#silentimages Uma Promessa do Invisível
- Angela Rosana

- 28 de ago.
- 3 min de leitura
Atualizado: 1 de set.
Esse foi para mim um encontro nada fortuito. As fotografias de Souhayl A chegaram até mim como quem interrompe o fluxo comum da visão: sugeriam muito mais do que mostravam. Mais do que imagens, eram sopros que se recusavam a caber em limites. No mesmo período, mergulhava na leitura de Traços de Música, livro que me foi dado (e escrito) por minha professora Fátima Pombo no mestrado. Foi nesse cruzamento, entre imagens e páginas, que nasceu este texto, não para explicá-las, mas porque nelas reconheci a mesma vertigem de que falava John Keats e que ressoa em Fátima. A força do que não se cumpre, mas insiste em vibrar: "Heard melodies are sweet but those unheard are sweeter."
Há experiências que não se esgotam no que revelam, mas no espaço do que está velado. É nesse vão entre a presença e a ausência que a arte encontra sua força: aquilo que não se ouve, não se vê, não se toca, mas que ainda assim vibra. Keats, ao escrever na Ode on a Grecian Urn intuía que o silêncio pode carregar mais intensidade do que o som. Em Traços de Música, Fátima Pombo parece tocar essa mesma corda sensível ao pensar a música como presença que nasce da abstração, como se fosse possível dar corpo ao invisível e ao indizível.
A fotografia se inscreve nesse mesmo território. Não é o flagrante cristalizado que a sustenta, mas o murmúrio que foge ao enquadramento. O olhar se prende menos à nitidez do que à vibração que se insinua entre ausência e desejo, como se cada imagem guardasse uma melodia subterrânea, mais doce justamente porque nunca chega a ser ouvida por inteiro.
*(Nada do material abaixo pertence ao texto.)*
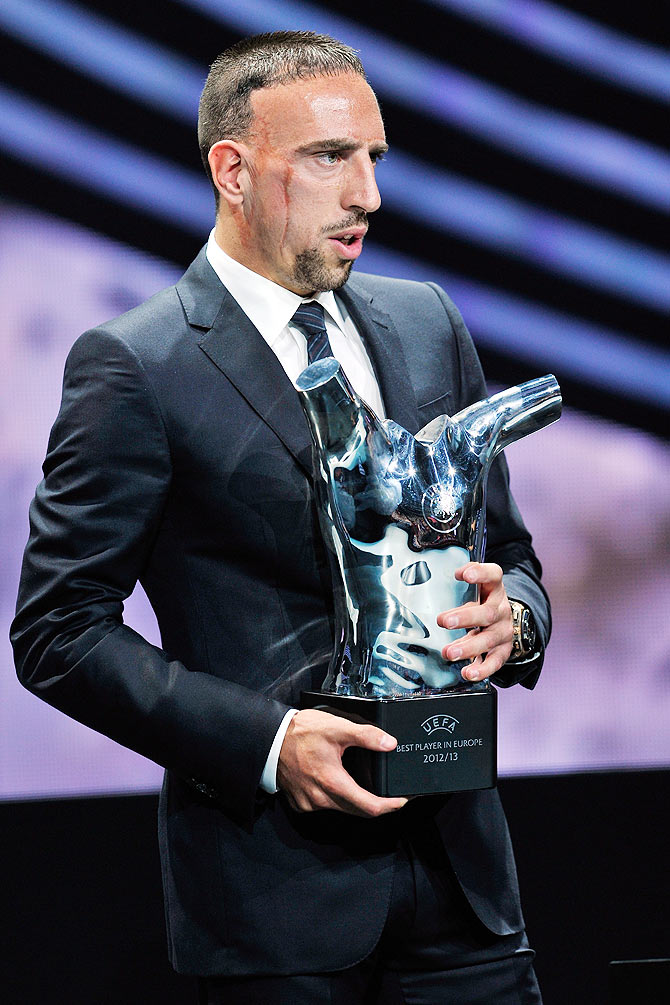 Franck Ribery holds the Best Player in Europe trophy during the UEFA Champions League group stage 2013/14 draw on August 29, 2013 in Monaco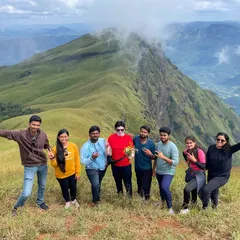 A happy group photo from the top of Nethravathi peak. The clear skies on this day gave us an incredible panoramic view of the surrounding Western Ghats.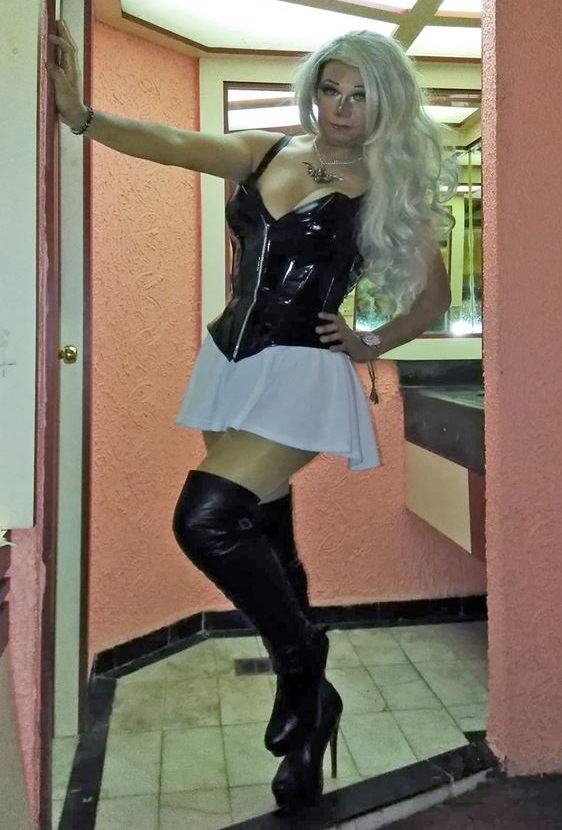 Sexy crossdresser posing in white mini skirt, boots and pantyhose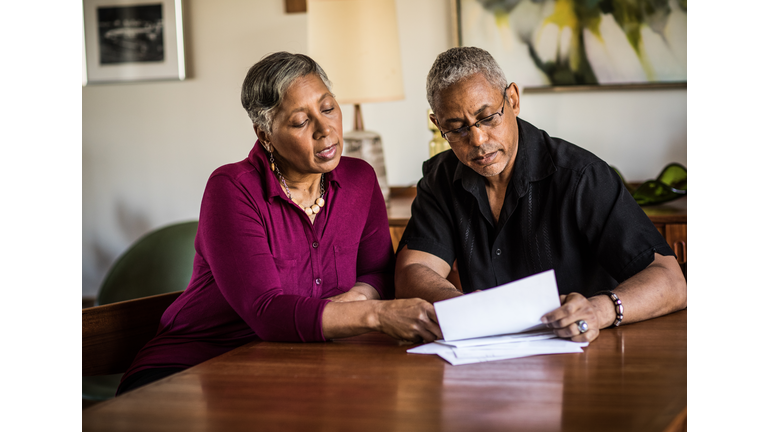 Senior couple (60yrs) paying bills at home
Sua potência está no silêncio que prolonga a experiência, reverbera no pensamento e se instala como uma pergunta que não encontra resposta.
Multiplicar, mais do que fixar, é o ato poderoso da fotografia. Quando um rosto aparece encoberto ou duplicado, não é a ausência de expressão que nos inquieta, mas o excesso de possibilidades. O que está diante de nós já não é apenas uma figura, mas uma pergunta sobre o que significa ver alguém. O duplo não mostra duas vezes o mesmo, mas revela a impossibilidade de sermos apenas um. A máscara não apenas encobre: lembra que toda imagem já nasce como disfarce.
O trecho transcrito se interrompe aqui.